- **What the exercise asks**:
In the copy, keep every line below as it is and leave out the pictures.

- **Data section**:
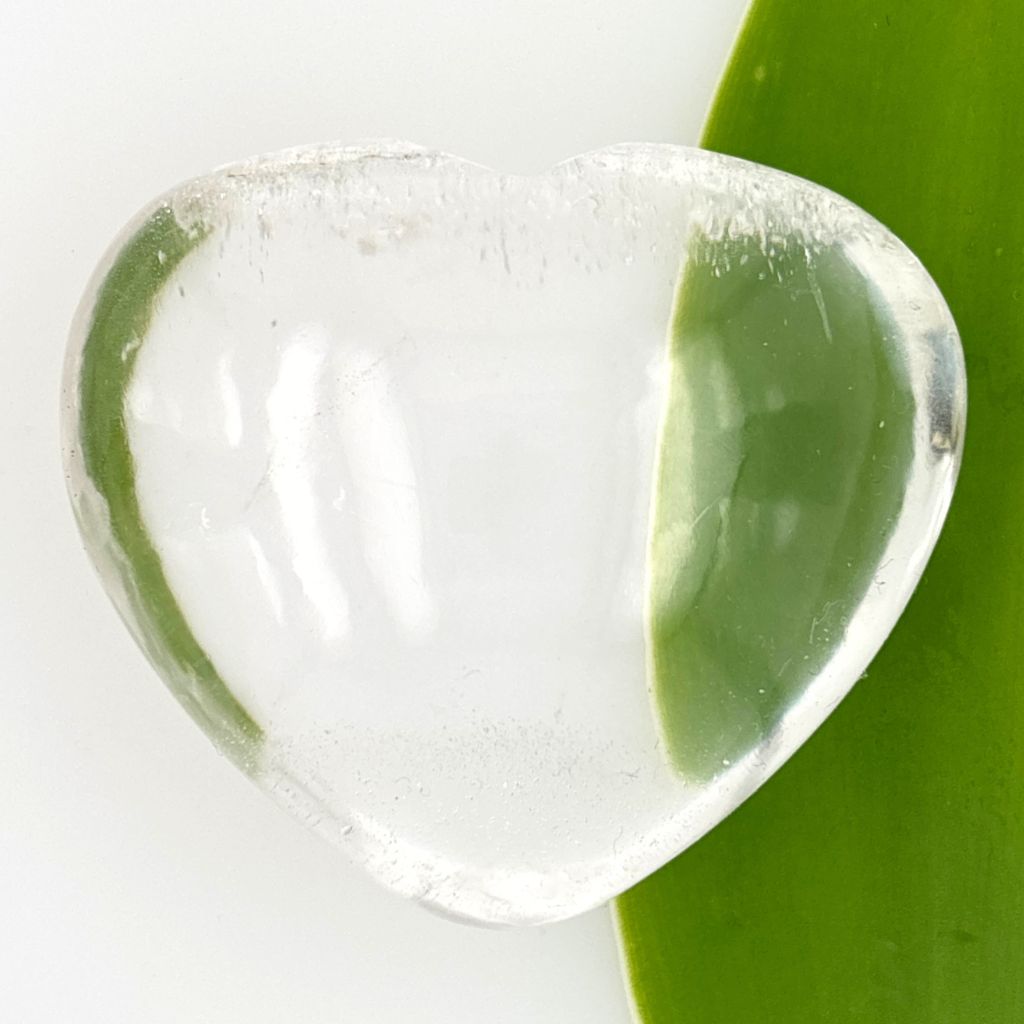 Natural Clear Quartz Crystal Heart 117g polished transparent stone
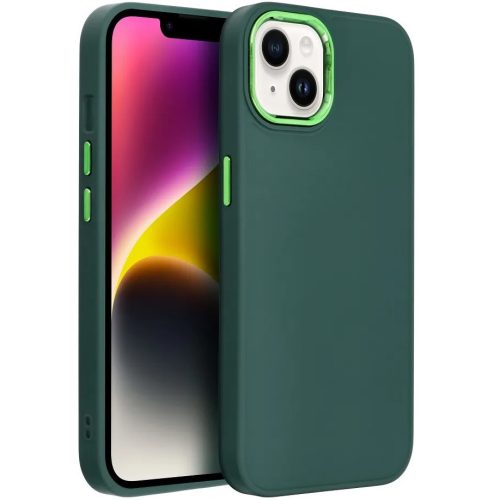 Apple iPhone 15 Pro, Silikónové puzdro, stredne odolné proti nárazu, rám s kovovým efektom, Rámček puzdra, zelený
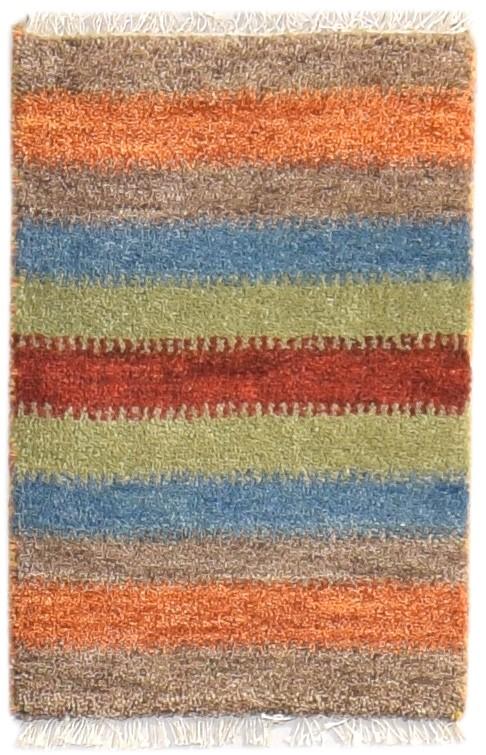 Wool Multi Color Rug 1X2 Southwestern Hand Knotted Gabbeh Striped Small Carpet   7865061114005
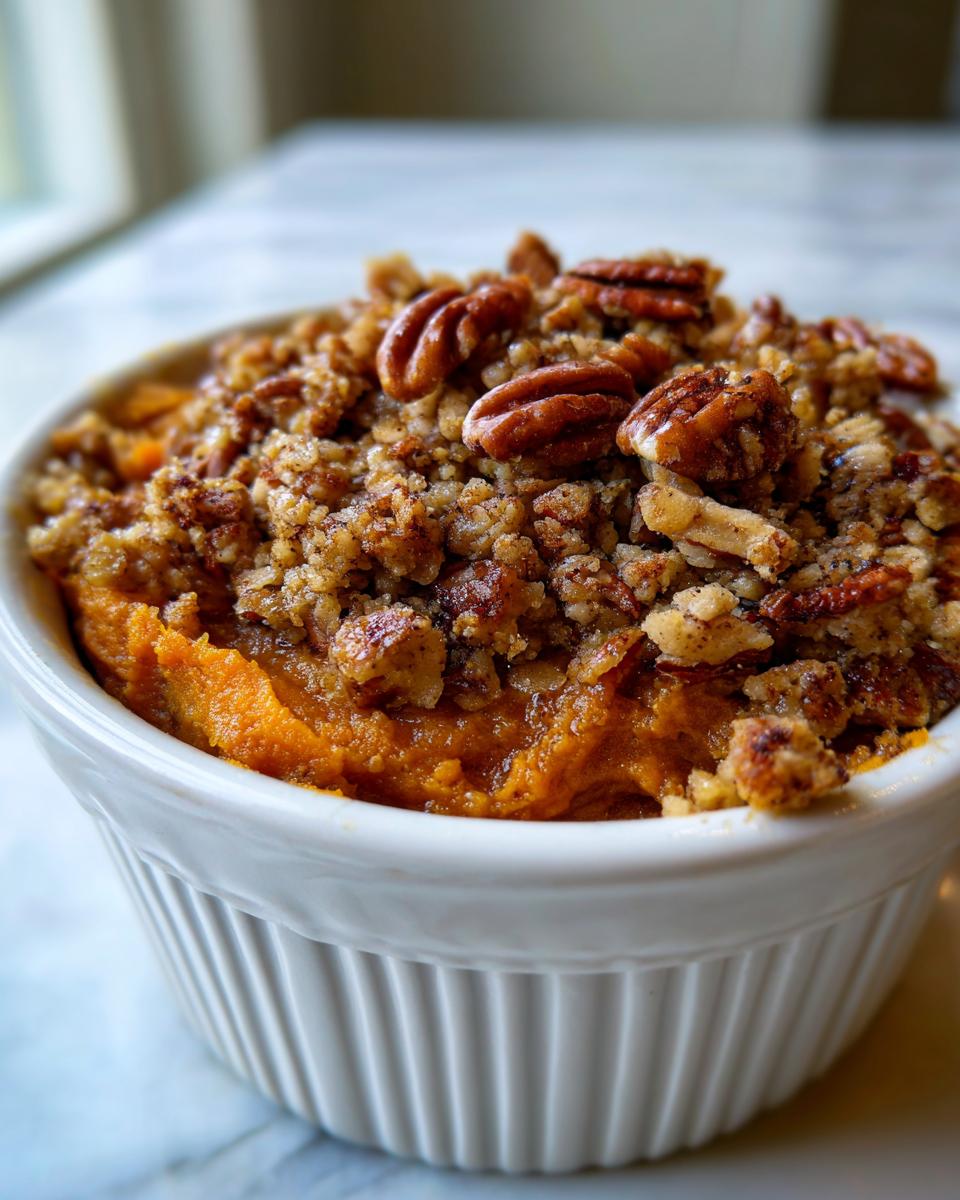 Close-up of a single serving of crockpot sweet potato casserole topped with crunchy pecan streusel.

- **Expected answer**:
 Natural Clear Quartz Crystal Heart 117g polished transparent stone
 Apple iPhone 15 Pro, Silikónové puzdro, stredne odolné proti nárazu, rám s kovovým efektom, Rámček puzdra, zelený
 Wool Multi Color Rug 1X2 Southwestern Hand Knotted Gabbeh Striped Small Carpet   7865061114005
 Close-up of a single serving of crockpot sweet potato casserole topped with crunchy pecan streusel.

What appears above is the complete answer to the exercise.